Brief:
The records below are to be reproduced exactly, with the pictures left out.
[Excerpted data Boundary: Start]
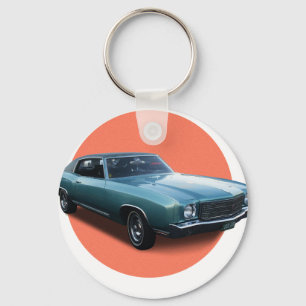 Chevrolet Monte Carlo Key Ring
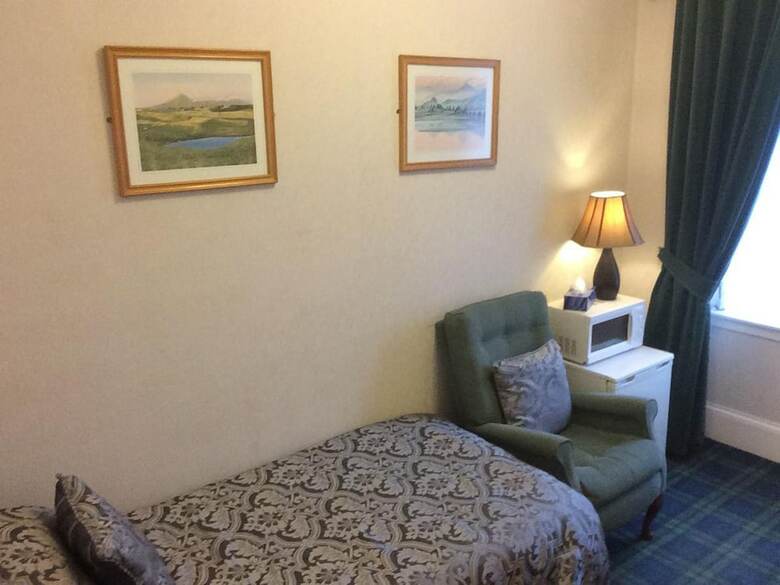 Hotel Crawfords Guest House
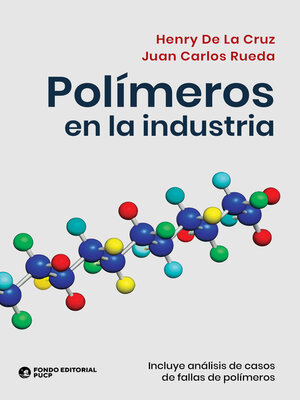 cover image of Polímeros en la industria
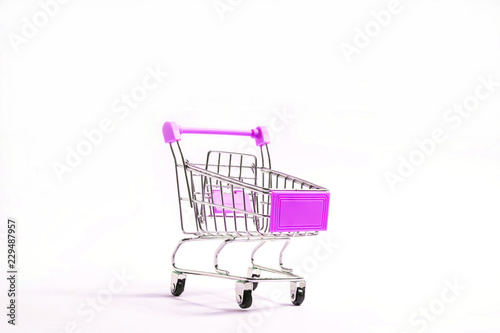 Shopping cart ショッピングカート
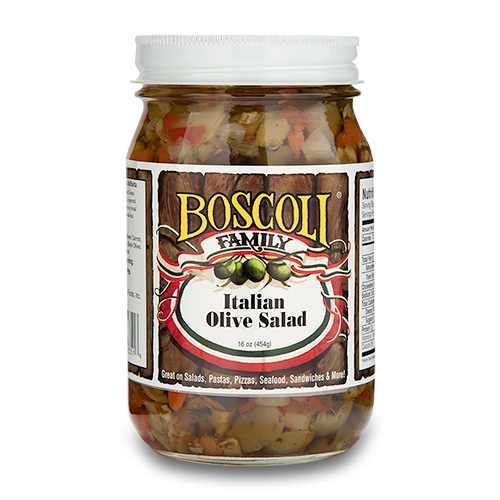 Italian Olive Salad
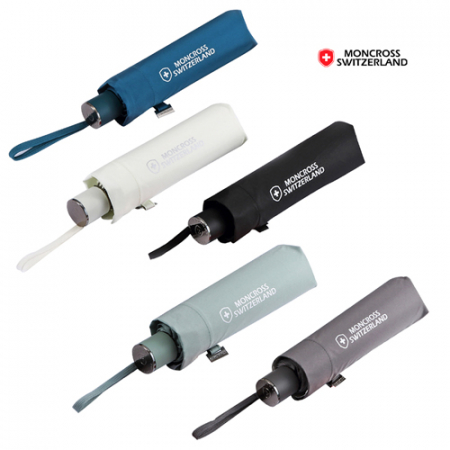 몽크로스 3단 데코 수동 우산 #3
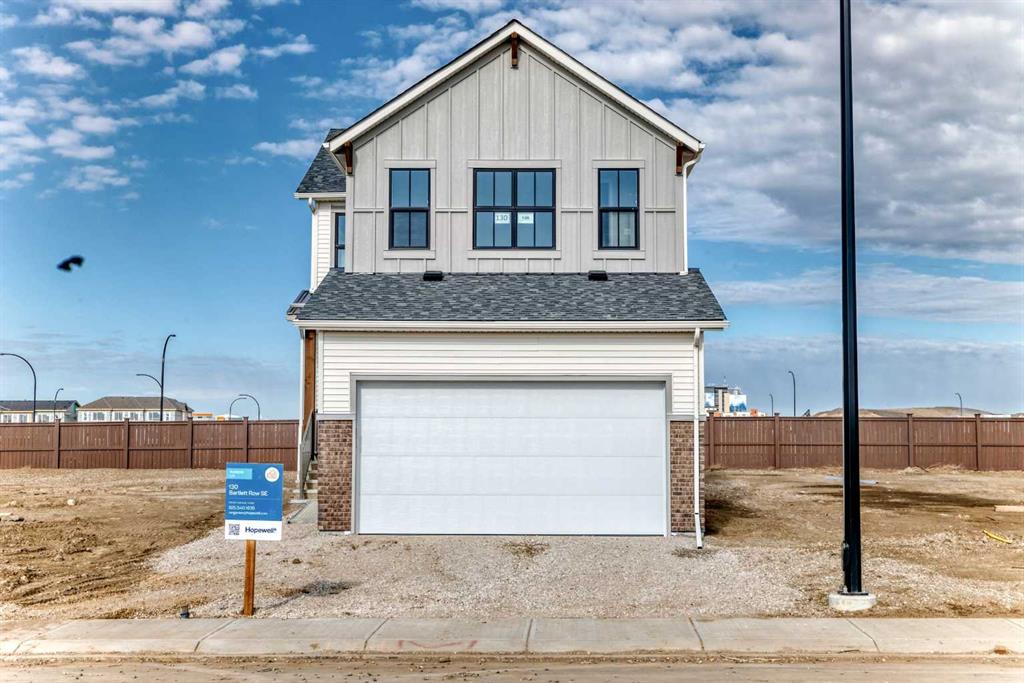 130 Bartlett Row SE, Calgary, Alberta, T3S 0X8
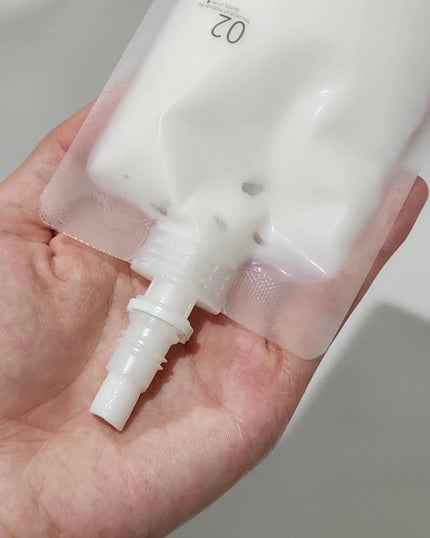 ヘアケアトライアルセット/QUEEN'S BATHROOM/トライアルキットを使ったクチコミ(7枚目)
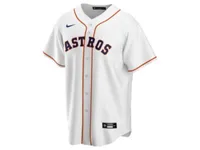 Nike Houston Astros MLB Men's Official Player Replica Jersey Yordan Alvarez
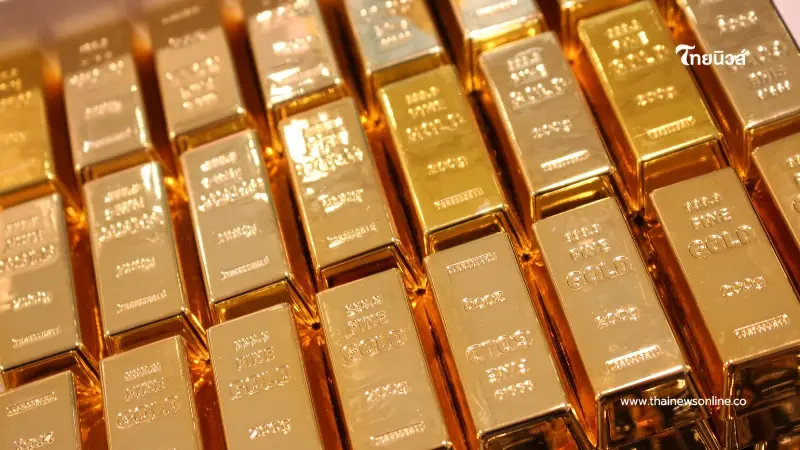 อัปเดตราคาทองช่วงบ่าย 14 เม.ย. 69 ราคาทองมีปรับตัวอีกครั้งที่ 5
[Excerpted data Boundary: End]
Result:
 Chevrolet Monte Carlo Key Ring
 Hotel Crawfords Guest House
 cover image of Polímeros en la industria
 Shopping cart ショッピングカート
 Italian Olive Salad
 몽크로스 3단 데코 수동 우산 #3
 130 Bartlett Row SE, Calgary, Alberta, T3S 0X8
 ヘアケアトライアルセット/QUEEN'S BATHROOM/トライアルキットを使ったクチコミ(7枚目)
 Nike Houston Astros MLB Men's Official Player Replica Jersey Yordan Alvarez
 อัปเดตราคาทองช่วงบ่าย 14 เม.ย. 69 ราคาทองมีปรับตัวอีกครั้งที่ 5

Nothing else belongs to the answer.